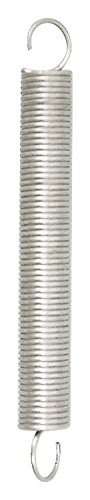 Chapuis Tension Springs, Set of 2, Silver, 1mm Wire Diameter, 75mm Length, Galvanised Steel, Double Hooks, 4kg Working Load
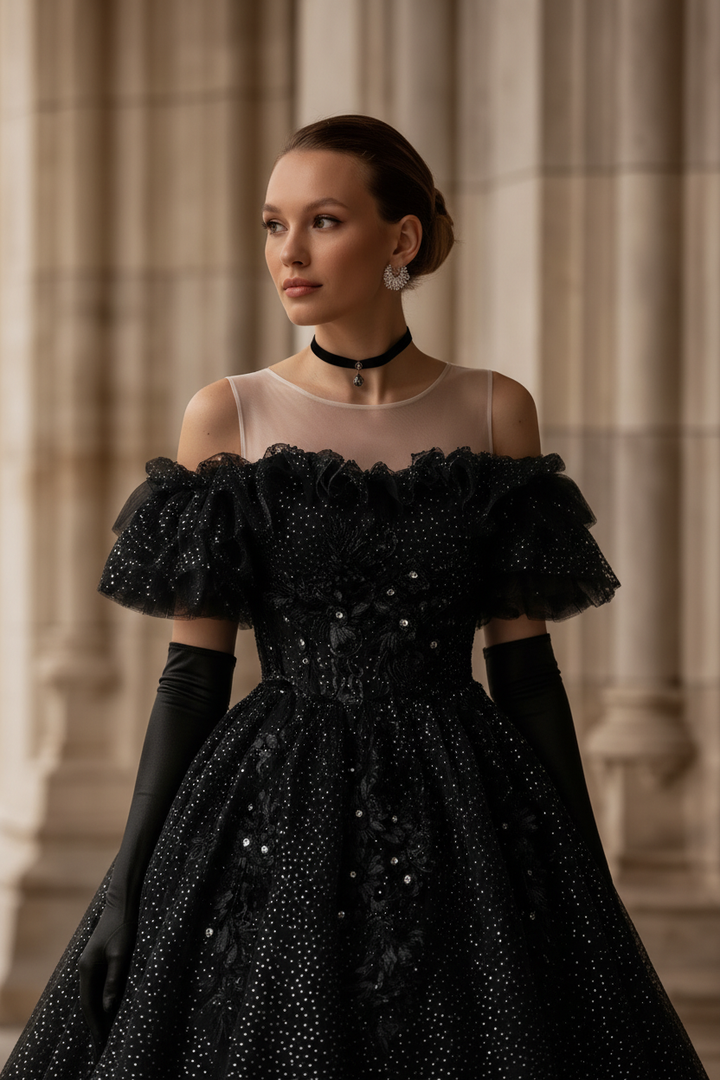 Gothic Schwarzes Hochzeitskleid mit perlenbesetzten Rüschen an den Schultern - Schwarzes Abendkleid mit Pailletten in Übergröße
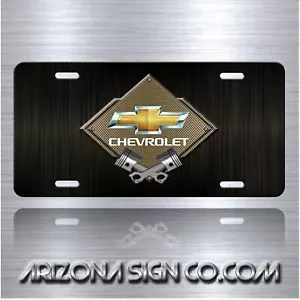 Chevy Bowtie Inspired Art Crossed Pistons on Aluminum License Plate Tag - Bild 1 von 6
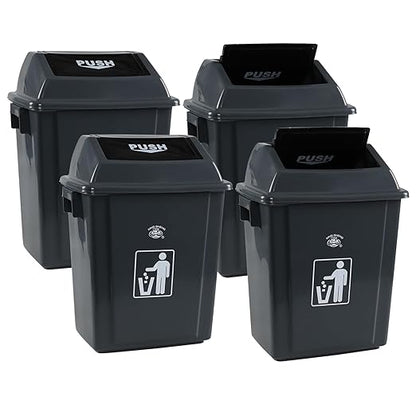 Kiddream 4 Packs 5 Gallons Swing Lid Garbage Can, Plastic Trash Can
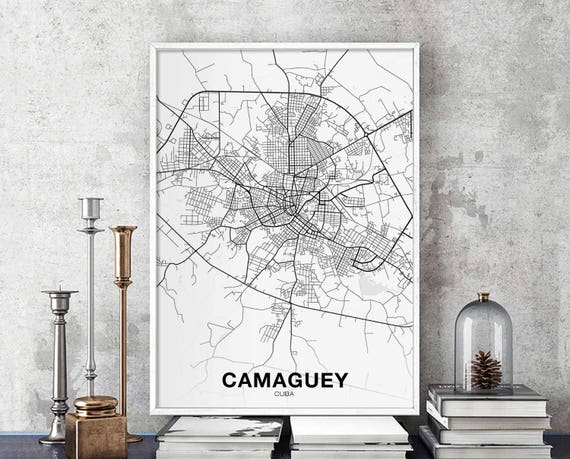 Camaguey Map Poster Black White Hometown City Print Modern Home Decor Office Decoration Wall Art Dorm Bedroom Gift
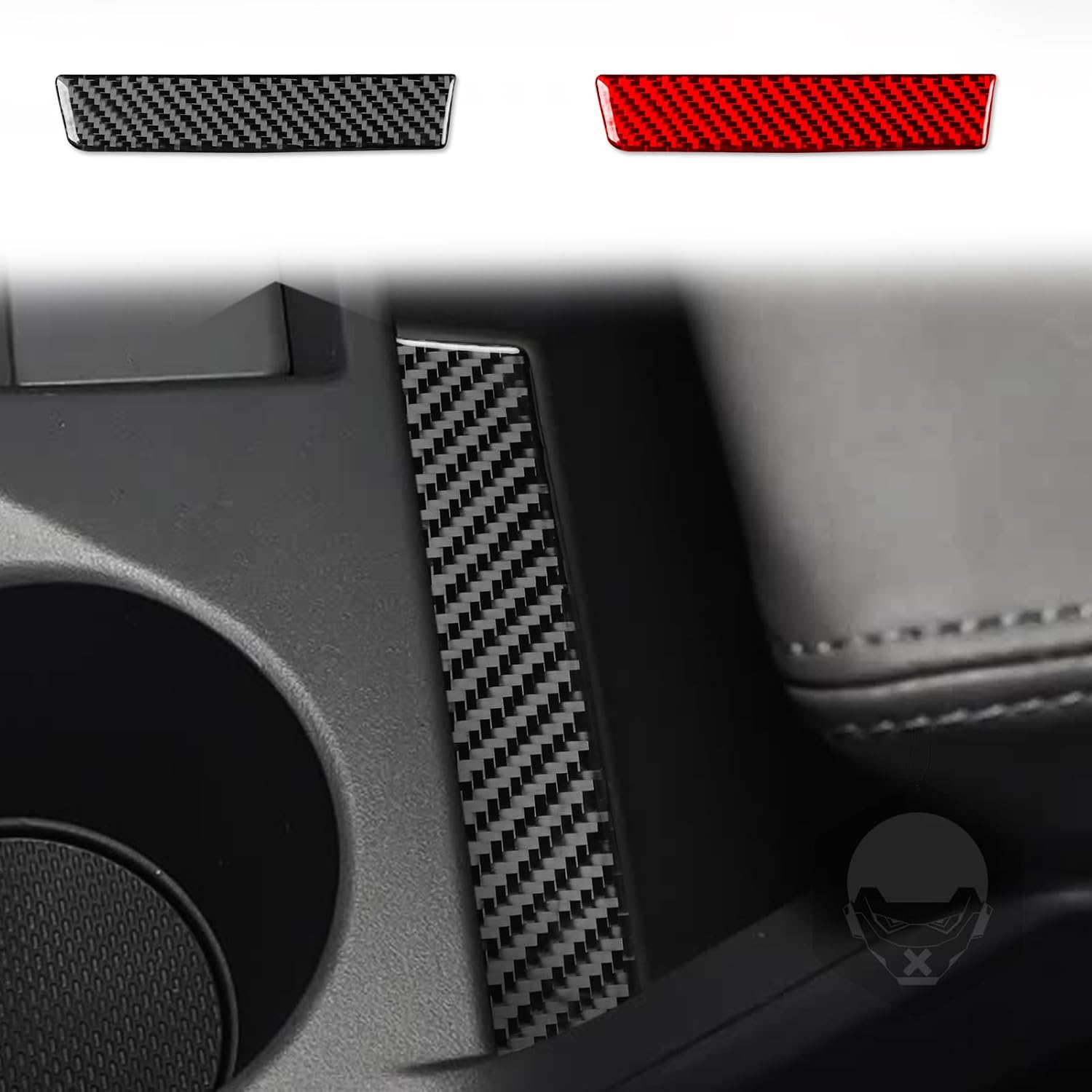 Real Black Carbon Fiber Car Center Console Armrest Box Side Decorative Strip Trim Sticker Auto Interior Premium Accessories Compatible with Subaru Crosstrek/Impreza(GU) 2024 2025 2026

-.-.-

Please transcribe exactly the lines from the one containing "Camaguey Map Poster" through the final line of the data, including both, and nothing else. Pictures are to be left out.

 Camaguey Map Poster Black White Hometown City Print Modern Home Decor Office Decoration Wall Art Dorm Bedroom Gift
 Real Black Carbon Fiber Car Center Console Armrest Box Side Decorative Strip Trim Sticker Auto Interior Premium Accessories Compatible with Subaru Crosstrek/Impreza(GU) 2024 2025 2026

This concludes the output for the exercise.